Repealing Medicaid expansion under the ACA, McGovern said, “would rip coverage away from an estimated 1.6 million newly insured individuals with substance use disorders.”

It would also cost more 30 million Americans their health coverage, including nearly 4 million children, would hurt more than 52 million individuals with pre-existing conditions, would throw millions of young adults off their parents’ plans, and remove coverage from 14 million individuals enrolled in Medicaid under the expansion, with another loss of free preventive services for nearly 140 million individuals with private insurance.

“It is a cruel thing to do to take away people’s health care,” he said, speaking directly to the Republican majority. “We believe that health care ought to be a right. I know you don’t.

“We believe health care protections ought to be in the law. You believe they ought to be up to the insurance companies. But this is a lousy thing to do. We’re gonna fight you on this. This is a fight worth having. Protecting people’s health care is something we should all be dedicated to and we’re going to fight you on this.”

McGovern noted that Republicans are in disagreement about a timeline for repealing and replacing the health care law, and haven’t agreed on a plan for what a replacement would include or how it would work.

McGovern said the Republican president-elect when asked “what we should replace Obamacare with, he said, and I quote, ‘Something terrific.’ When pressed for details and more specificity, he said, ‘Something that people will really, really, really like.’

Such an answer “would be laughable if it weren’t so tragic,” he said. “It’s tragic because what Republicans are trying to do is take health care protections away from millions and millions of families.”

House Speaker Paul Ryan, R-Wis., said the health care law was “so arrogant and so contrary to our founding principles” and had not delivered on Obama’s promises to lower costs and provide more choice.

“We have to step in before things get worse. This is nothing short of a rescue mission,” Ryan said.
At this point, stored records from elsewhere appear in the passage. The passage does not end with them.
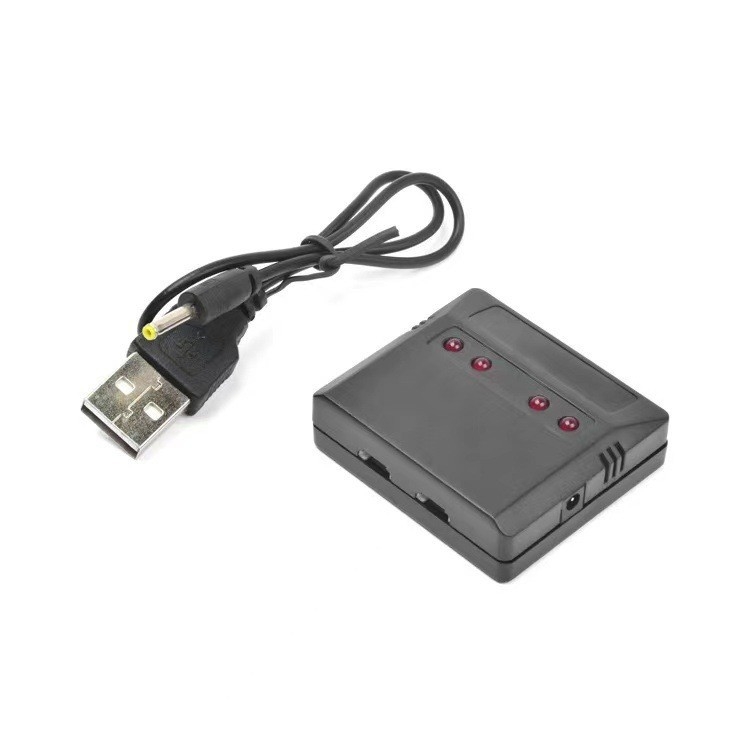Punjač baterije drona 3.7V, 4-portni s zaštitom, ulaz 5V 0.5-3A, izlaz 3.7V 800mAh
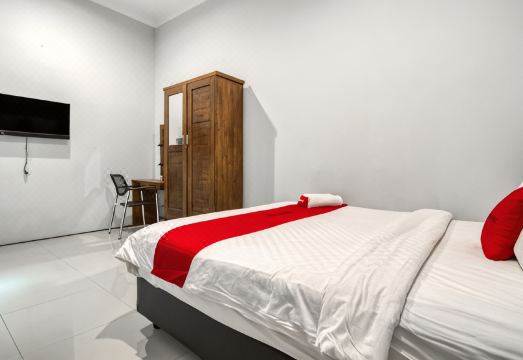 레드도어즈 니어 수라바야 주 대표 이미지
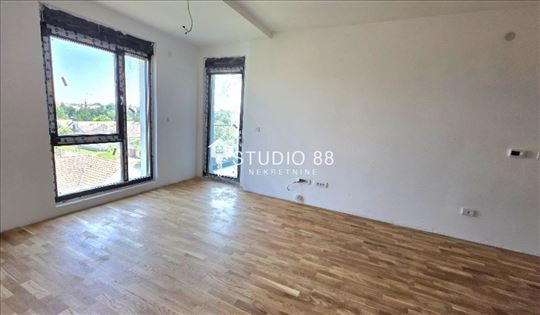 Zrenjanin, Lesnina, Stan, 3.0, 67m2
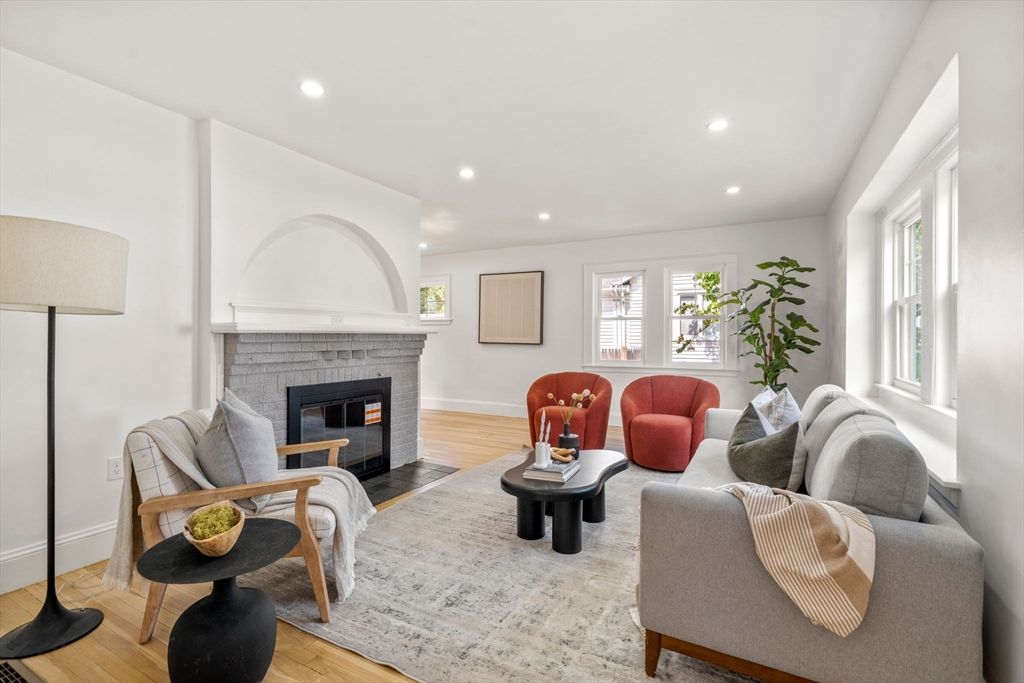 Fireplace, Interior, Living room, Recessed Lighting, Wood Texture Flooring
House Minority Leader Nancy Pelosi, D-Calif., said Ryan was peddling “mythology” and said the GOP was moving toward making things worse for health care consumers. “They want to cut benefits and run. They want to cut access and run.”

Approval of the budget means Senate Democrats won’t be allowed to filibuster the future repeal-and-replace bill — a pivotal advantage for Republicans. They control the Senate 52-48, but it takes 60 votes to end filibusters, which are endless procedural delays that can scuttle legislation.

Material from the Associated Press was used in this report.